## Stored data
+++
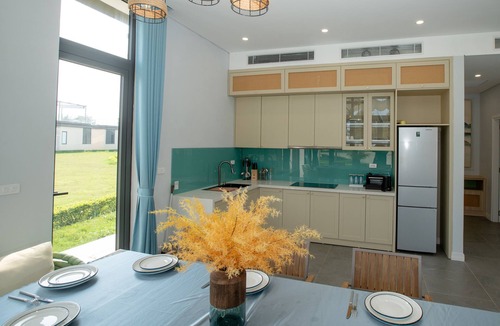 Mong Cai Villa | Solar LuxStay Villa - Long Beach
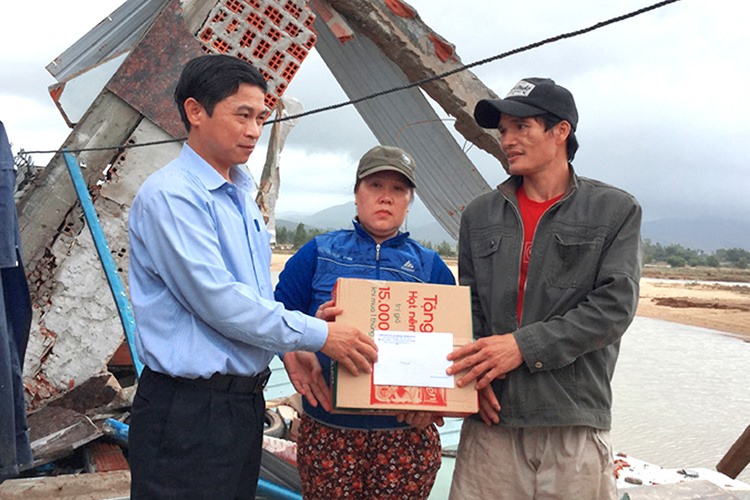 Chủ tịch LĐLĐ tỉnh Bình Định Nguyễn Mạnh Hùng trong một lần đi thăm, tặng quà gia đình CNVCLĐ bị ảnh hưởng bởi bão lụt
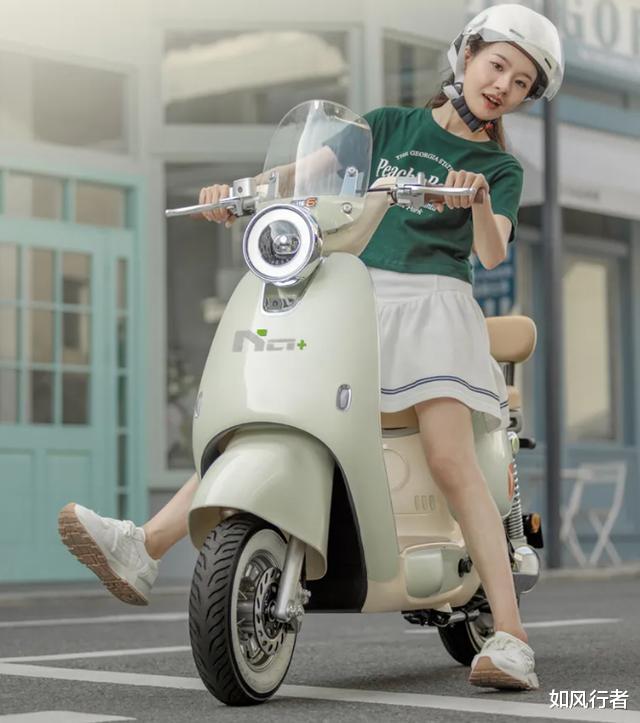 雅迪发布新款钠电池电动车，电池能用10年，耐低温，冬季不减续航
+++
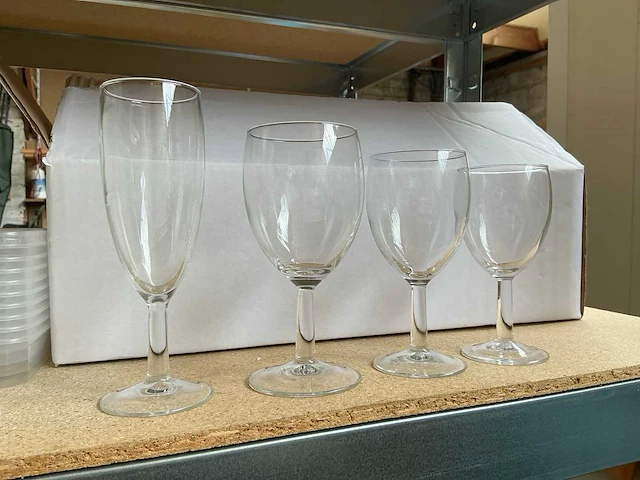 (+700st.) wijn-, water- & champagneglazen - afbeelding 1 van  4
+++
## What is needed
The answer must be the lines above from the one containing "Mong Cai Villa" through the one containing "雅迪发布新款钠电池电动车，电池能用10年，耐低温，冬季不减续航", reproduced exactly, with no pictures and nothing else.

## Answer space
 Mong Cai Villa | Solar LuxStay Villa - Long Beach
 Chủ tịch LĐLĐ tỉnh Bình Định Nguyễn Mạnh Hùng trong một lần đi thăm, tặng quà gia đình CNVCLĐ bị ảnh hưởng bởi bão lụt
 雅迪发布新款钠电池电动车，电池能用10年，耐低温，冬季不减续航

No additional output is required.